• **What is being asked**
Nothing but the lines from the one with "Our next slide" through the end of the records may appear in the answer, each reproduced exactly, pictures omitted.

Collected data:
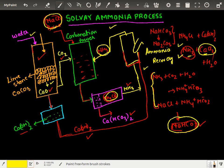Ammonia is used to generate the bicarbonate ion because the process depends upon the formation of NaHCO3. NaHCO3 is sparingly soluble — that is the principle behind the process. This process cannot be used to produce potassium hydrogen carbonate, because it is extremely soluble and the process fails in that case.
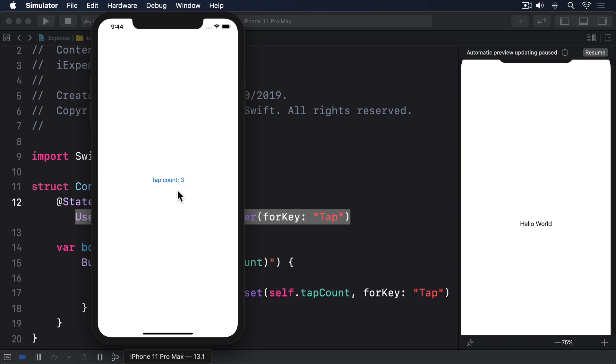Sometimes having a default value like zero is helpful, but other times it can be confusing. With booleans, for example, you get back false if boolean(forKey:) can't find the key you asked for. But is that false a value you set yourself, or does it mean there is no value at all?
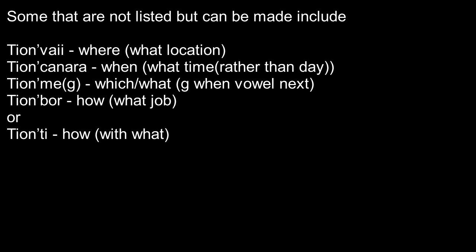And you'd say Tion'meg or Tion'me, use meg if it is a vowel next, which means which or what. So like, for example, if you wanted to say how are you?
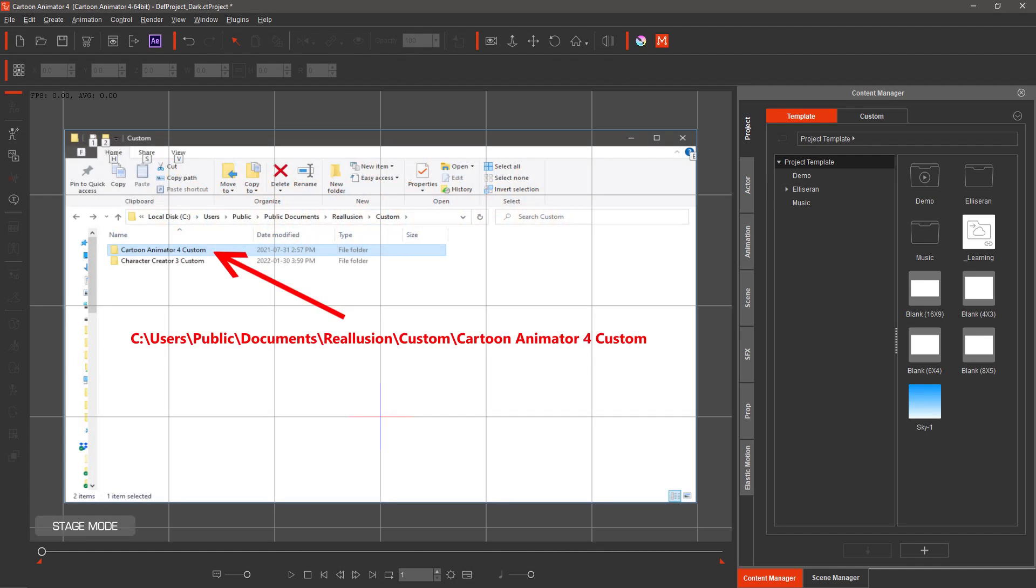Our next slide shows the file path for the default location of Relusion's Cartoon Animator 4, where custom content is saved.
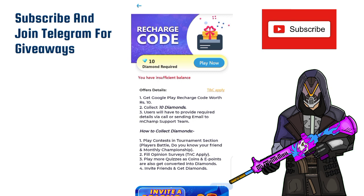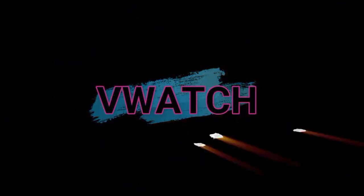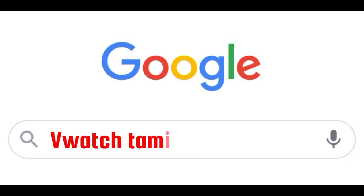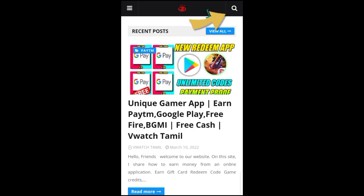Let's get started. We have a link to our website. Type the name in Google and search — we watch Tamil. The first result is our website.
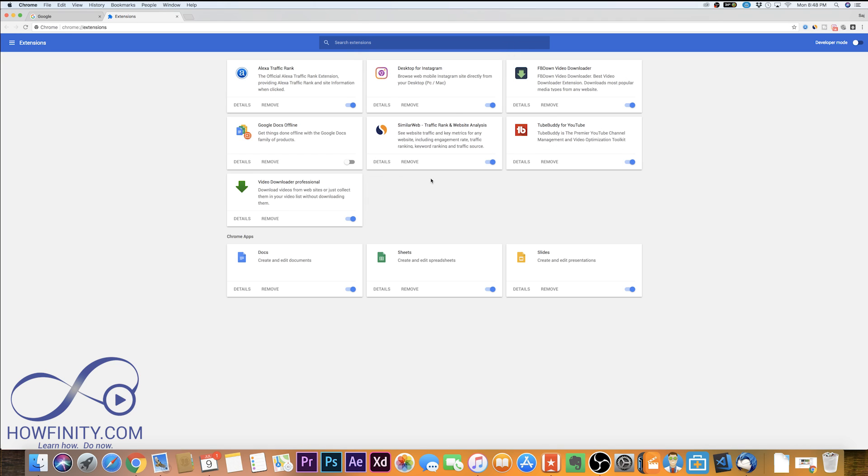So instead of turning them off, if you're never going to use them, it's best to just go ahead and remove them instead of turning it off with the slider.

• **Result of this exercise**
Our next slide shows the file path for the default location of Relusion's Cartoon Animator 4, where custom content is saved.
Let's get started. We have a link to our website. Type the name in Google and search — we watch Tamil. The first result is our website.
So instead of turning them off, if you're never going to use them, it's best to just go ahead and remove them instead of turning it off with the slider.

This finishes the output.